The super keyword in Java is a reference to the parent (superclass) of the current class. It has three primary uses: calling a parent class constructor, calling an overridden parent class method, and accessing a parent class field hidden by a subclass field of the same name.

Calling a parent constructor: super() or super(args) must be the first statement in a subclass constructor. If omitted, the compiler inserts an implicit super() call that invokes the parent's no-arg constructor. If the parent class does not have a no-arg constructor (because it defines only parameterized constructors), the subclass must explicitly call super(args) — otherwise the code will not compile.

Calling an overridden parent method: when a subclass overrides a method, the parent's version is still accessible as super.methodName(). This is useful when you want to extend, not replace, the parent's behavior. For example, a subclass's toString() might return super.toString() + ", additionalField=" + field, building on the parent's representation.

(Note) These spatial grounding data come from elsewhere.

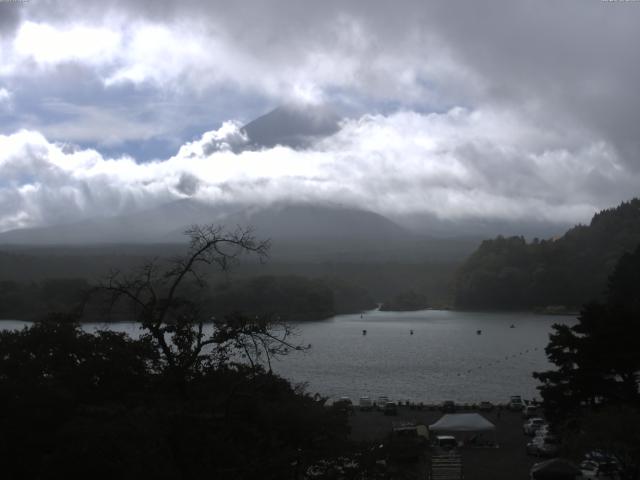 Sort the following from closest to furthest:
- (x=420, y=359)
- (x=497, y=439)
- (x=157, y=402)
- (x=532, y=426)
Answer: (x=157, y=402)
(x=497, y=439)
(x=532, y=426)
(x=420, y=359)

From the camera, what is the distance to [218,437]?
14.5 feet

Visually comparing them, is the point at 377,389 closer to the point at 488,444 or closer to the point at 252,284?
the point at 488,444

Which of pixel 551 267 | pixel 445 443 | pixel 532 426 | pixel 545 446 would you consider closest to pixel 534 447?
pixel 545 446

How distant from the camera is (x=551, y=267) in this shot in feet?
198

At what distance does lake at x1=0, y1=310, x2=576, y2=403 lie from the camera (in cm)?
2202

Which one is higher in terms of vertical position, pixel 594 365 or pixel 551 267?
pixel 551 267

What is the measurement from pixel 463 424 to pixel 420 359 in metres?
18.0

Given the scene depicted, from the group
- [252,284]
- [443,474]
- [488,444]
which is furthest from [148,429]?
[252,284]

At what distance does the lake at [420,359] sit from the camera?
22016 millimetres

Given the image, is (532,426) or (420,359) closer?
(532,426)

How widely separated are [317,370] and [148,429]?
68.3ft

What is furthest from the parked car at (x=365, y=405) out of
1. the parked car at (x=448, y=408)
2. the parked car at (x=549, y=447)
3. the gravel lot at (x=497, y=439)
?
the parked car at (x=549, y=447)

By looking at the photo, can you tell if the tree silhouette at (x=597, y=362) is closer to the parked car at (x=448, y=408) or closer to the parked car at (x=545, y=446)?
the parked car at (x=545, y=446)

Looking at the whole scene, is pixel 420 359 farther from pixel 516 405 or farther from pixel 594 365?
pixel 594 365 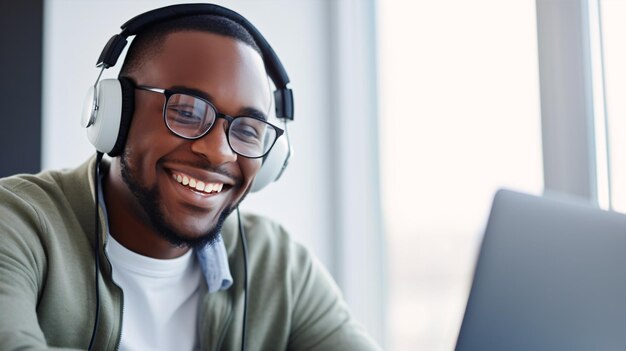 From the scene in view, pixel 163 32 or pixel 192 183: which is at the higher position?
pixel 163 32

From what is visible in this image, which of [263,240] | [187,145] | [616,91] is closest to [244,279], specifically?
[263,240]

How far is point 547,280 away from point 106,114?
86 centimetres

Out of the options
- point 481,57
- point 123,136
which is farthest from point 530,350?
point 481,57

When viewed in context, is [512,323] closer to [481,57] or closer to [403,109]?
[481,57]

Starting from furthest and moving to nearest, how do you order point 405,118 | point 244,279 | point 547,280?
1. point 405,118
2. point 244,279
3. point 547,280

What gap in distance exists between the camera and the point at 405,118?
2369 mm

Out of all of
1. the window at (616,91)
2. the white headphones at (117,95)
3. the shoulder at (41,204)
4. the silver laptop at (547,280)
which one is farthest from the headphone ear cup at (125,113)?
the window at (616,91)

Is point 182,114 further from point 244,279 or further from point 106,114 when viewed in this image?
point 244,279

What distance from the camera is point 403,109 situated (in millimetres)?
2385

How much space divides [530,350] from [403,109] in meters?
1.57

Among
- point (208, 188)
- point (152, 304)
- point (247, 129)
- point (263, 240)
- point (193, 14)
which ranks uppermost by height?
point (193, 14)

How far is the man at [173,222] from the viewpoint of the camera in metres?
1.26

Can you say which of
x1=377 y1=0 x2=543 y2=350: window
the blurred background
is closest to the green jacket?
x1=377 y1=0 x2=543 y2=350: window

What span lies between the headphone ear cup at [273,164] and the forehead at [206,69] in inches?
4.7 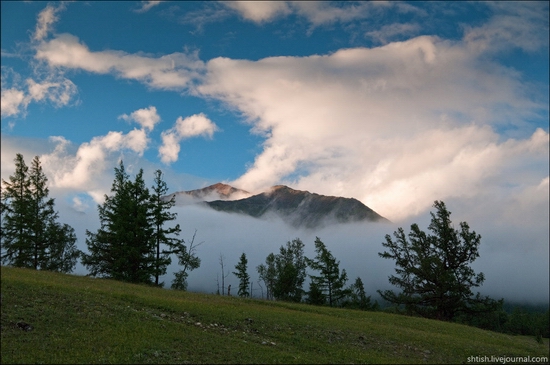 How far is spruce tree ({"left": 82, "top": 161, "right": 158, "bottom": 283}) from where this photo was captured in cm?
4659

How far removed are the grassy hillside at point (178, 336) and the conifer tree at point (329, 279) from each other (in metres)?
32.1

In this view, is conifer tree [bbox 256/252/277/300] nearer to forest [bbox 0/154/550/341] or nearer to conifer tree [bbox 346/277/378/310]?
conifer tree [bbox 346/277/378/310]

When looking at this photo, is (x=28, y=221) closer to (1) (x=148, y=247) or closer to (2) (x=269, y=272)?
(1) (x=148, y=247)

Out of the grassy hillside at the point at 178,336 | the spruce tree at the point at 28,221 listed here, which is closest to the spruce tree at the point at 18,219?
the spruce tree at the point at 28,221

Accessing hidden fields: if a subclass declares a field with the same name as a parent field, the parent's field is shadowed. super.fieldName accesses the parent's field. This pattern is rare and generally a code smell — shadowing fields leads to confusing behavior.

super cannot be chained (super.super.method() is not valid in Java). This is deliberate: deep chains would couple subclasses to grandparent implementation details, which is considered harmful to encapsulation.

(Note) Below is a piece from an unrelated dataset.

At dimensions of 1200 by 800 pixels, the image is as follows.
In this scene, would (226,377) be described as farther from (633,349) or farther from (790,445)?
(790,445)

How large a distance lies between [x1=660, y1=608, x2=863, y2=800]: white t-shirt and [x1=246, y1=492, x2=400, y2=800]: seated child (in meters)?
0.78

A key distinction: super() is for constructor chaining up the hierarchy; this() is for constructor chaining within the same class. They cannot both be the first statement, so you must choose one or the other in a given constructor.

What Separates a 2/3 from a 3/3

2/3 — Passing but Incomplete

Covers the constructor call use (super() as first statement) and the overridden method call use (super.method()), with correct syntax.

3/3 — Strong Answer

Adds the implicit super() insertion rule, the field hiding use case (plus the code smell note), the super.super limitation and rationale, and the contrast with this() constructor chaining.

Common Mistakes

  • Thinking super() can appear anywhere in the constructor — it must be the first statement or the compiler rejects it.
  • Not knowing that the compiler auto-inserts super() when omitted — this causes subtle compilation errors when the parent lacks a no-arg constructor.
  • Attempting super.super.method() — this is not valid Java syntax and demonstrates a misunderstanding of how super works.

Follow-Up Questions

  • What happens when a parent class does not have a no-arg constructor and the subclass constructor does not call super(args)? — The compiler inserts super() by default, finds no matching no-arg constructor in the parent, and emits a compile error — the subclass must explicitly call super(args).
  • Can you call super() and this() in the same constructor? — No — both must be the first statement, so only one can appear. You must choose constructor chaining within the class (this()) or up to the parent (super()).
  • When is it appropriate to call super.method() in an overriding method? — When the override extends rather than replaces behavior — common in framework callbacks (onCreate(), toString()), where the parent implementation must still run and the subclass adds to it.